Ethnographers have long realised that oral performances cannot be divorced from the socio-political contexts in which they take place. Okpewho (1990:3) states that this approach brought a welcome change to oral literary studies, “… because it ultimately aimed at representing social man in a creative capacity within the context of a system of signs recognized by his community.”

Similarly, Finnegan states that

[w]e are now more sensitised to the importance of looking to the “communicative event” and its inner dynamics as a whole, to the constructive interaction of many participants … and to a whole range of non-verbal as well as verbal stylistics … and of ways in which “performance” may need to be seen not as an “extra” to the poetic genre but as of its essence (1992:x).

This is in line with the view initially put forward by Hymes (1962), who developed the term “ethnography of speaking” and the concept of an “ethnographic framework” for the study of language within specific social situations. Hymes (1962:101) sums up this approach as follows:

The ethnography of speaking is concerned with the situations and uses, the patterns and functions, of speaking as an activity in its own right.

This approach serves to illustrate how oral performances are employed as acts of communication, and sometimes even defiance, between individuals and groups, in Southern African society. These communications often happen in situations which are politically delicate. Through the subtle (or not so subtle) use of language a critical message is conveyed from the performer to the audience. A number of crucial historical and political events in South Africa’s transition history can be assessed through the eyes of the performers, on the assumption that literature can be a credible reflection of the society within which we live. Barber and Farias (1989:1) succinctly point out that there is a need to “combine a sociology with a poetics of oral literature”.

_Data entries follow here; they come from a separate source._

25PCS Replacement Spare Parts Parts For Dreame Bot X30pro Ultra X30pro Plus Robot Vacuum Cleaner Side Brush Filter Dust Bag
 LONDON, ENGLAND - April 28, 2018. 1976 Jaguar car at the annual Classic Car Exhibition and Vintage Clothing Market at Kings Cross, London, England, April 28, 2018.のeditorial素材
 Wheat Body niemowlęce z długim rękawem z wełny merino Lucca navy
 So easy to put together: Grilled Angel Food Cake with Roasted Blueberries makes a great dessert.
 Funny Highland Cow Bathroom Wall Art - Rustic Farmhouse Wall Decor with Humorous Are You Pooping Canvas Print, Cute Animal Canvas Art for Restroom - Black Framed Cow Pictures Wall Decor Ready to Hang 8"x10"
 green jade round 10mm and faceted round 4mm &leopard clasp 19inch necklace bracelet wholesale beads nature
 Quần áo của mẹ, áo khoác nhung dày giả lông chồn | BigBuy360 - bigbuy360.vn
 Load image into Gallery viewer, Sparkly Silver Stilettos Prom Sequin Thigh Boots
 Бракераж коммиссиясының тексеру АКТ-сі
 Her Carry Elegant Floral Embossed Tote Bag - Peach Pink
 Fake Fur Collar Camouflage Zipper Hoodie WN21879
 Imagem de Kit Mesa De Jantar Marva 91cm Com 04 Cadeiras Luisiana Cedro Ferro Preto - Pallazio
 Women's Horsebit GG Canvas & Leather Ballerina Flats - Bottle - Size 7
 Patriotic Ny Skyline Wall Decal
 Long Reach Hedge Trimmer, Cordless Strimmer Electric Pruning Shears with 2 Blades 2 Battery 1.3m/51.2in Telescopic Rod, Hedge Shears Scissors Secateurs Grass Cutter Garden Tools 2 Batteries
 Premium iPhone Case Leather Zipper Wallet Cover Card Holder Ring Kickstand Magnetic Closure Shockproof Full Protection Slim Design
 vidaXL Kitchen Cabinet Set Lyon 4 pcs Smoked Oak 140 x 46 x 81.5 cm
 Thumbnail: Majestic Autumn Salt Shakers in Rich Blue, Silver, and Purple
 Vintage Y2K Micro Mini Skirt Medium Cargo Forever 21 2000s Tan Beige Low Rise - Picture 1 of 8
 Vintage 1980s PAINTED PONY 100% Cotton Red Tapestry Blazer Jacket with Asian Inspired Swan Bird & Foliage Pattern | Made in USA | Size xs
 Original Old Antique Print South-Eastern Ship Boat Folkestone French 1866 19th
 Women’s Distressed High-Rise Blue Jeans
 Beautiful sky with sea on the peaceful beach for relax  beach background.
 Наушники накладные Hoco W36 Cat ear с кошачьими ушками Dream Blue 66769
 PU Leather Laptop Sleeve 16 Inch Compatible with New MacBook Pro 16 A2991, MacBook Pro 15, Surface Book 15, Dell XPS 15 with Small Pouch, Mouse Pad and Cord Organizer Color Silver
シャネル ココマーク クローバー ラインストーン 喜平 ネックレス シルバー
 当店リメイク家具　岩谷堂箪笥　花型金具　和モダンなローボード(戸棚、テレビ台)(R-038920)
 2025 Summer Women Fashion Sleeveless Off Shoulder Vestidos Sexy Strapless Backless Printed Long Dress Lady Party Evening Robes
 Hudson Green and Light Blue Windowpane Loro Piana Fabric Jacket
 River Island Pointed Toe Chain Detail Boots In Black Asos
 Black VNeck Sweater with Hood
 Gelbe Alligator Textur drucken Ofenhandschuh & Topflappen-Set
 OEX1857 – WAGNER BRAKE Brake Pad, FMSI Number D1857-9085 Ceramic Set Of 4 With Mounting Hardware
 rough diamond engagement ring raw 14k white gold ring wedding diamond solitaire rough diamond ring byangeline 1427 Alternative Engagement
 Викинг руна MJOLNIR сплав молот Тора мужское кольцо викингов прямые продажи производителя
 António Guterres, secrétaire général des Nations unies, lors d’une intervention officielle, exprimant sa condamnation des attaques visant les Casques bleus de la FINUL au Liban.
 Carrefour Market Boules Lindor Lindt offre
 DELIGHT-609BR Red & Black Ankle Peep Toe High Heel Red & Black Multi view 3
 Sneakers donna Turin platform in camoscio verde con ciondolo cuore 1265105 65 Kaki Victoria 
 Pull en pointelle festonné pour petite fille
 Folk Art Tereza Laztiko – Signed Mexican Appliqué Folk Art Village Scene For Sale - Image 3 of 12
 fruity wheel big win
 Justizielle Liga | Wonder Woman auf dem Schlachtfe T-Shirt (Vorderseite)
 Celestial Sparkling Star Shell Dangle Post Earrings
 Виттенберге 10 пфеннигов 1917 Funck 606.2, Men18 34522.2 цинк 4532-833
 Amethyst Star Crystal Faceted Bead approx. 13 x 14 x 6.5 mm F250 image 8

Let us look now in more detail at the two genres of contemporary oral literature, namely the folktale/legend and oral poetry, in order to explore the relationship of these genres to the South African context as a socio-political unity.

Food myths and contemporary transition
In the African folktale food has often been associated with poison. The trickster, through the poisoning of food, is able to achieve certain objectives. One needs only to think of the notion of greed and how it is depicted in the African folktale. The moral of the story is that one should eat in moderation.

Not so, say the politicians in the pre-1994 election campaigns. One should not eat at all, especially food that is offered by an opposition party.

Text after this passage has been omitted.